__INSTRUCTIONS TO FOLLOW__
Every line of the data should be written out exactly, with the pictures left out.

__PROVIDED MATERIAL__

----------------------------------------

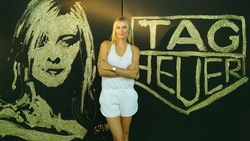 Maria Sharapova diventa un'opera d'arte a Singapore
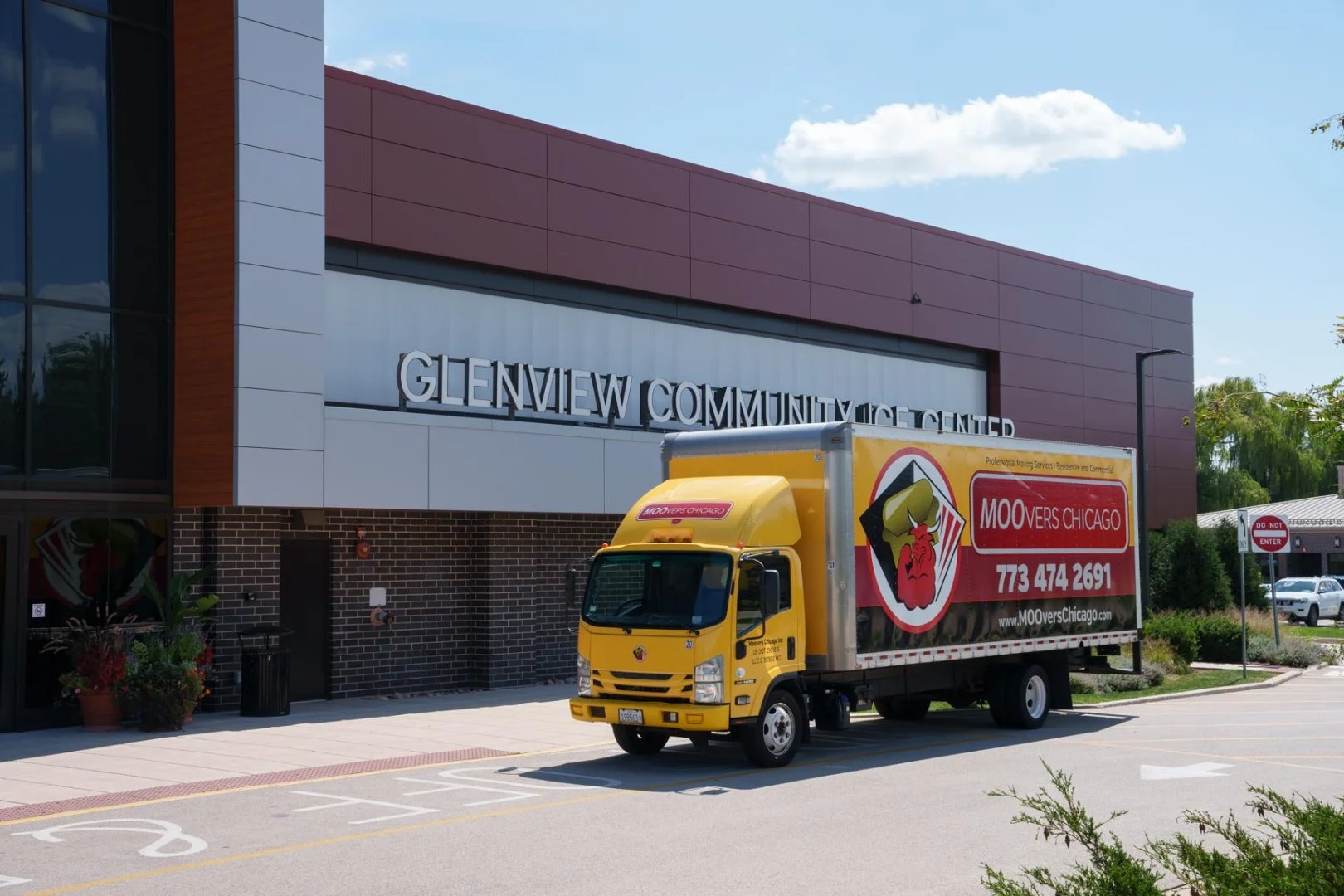 Moovers Chicago at Glenview Community Center Moovers Chicago truck parked at Glenview Community Center, IL.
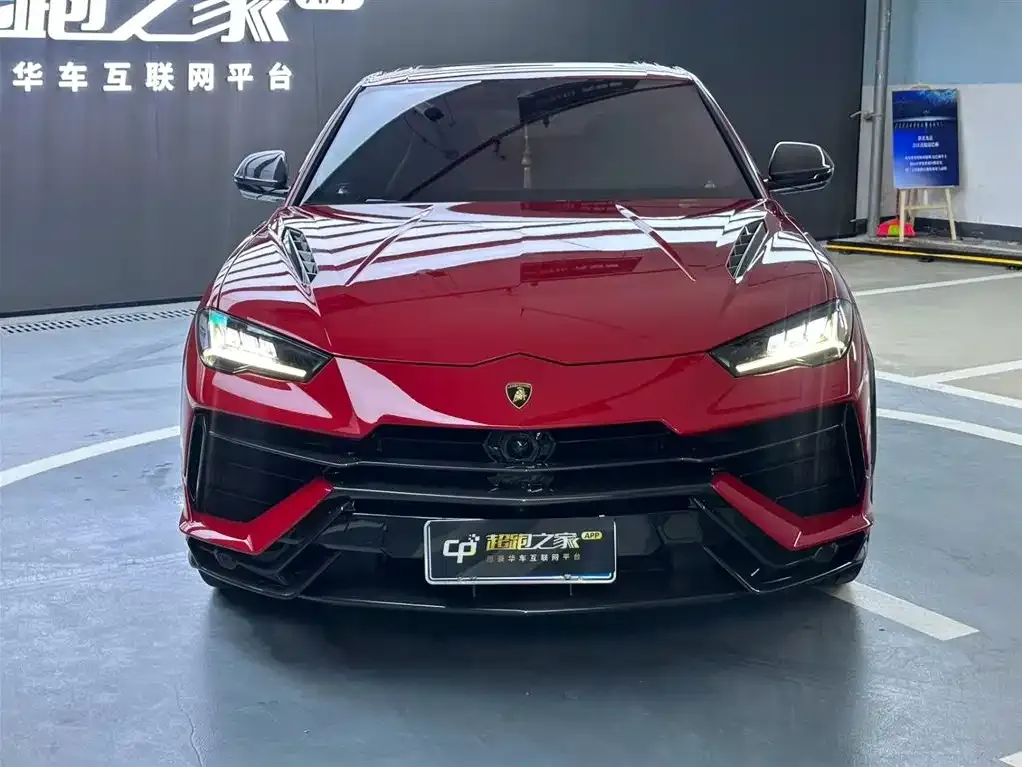Lamborghini Urus — фото 7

----------------------------------------

__EXERCISE ANSWER__
 Maria Sharapova diventa un'opera d'arte a Singapore
 Moovers Chicago at Glenview Community Center Moovers Chicago truck parked at Glenview Community Center, IL.
Lamborghini Urus — фото 7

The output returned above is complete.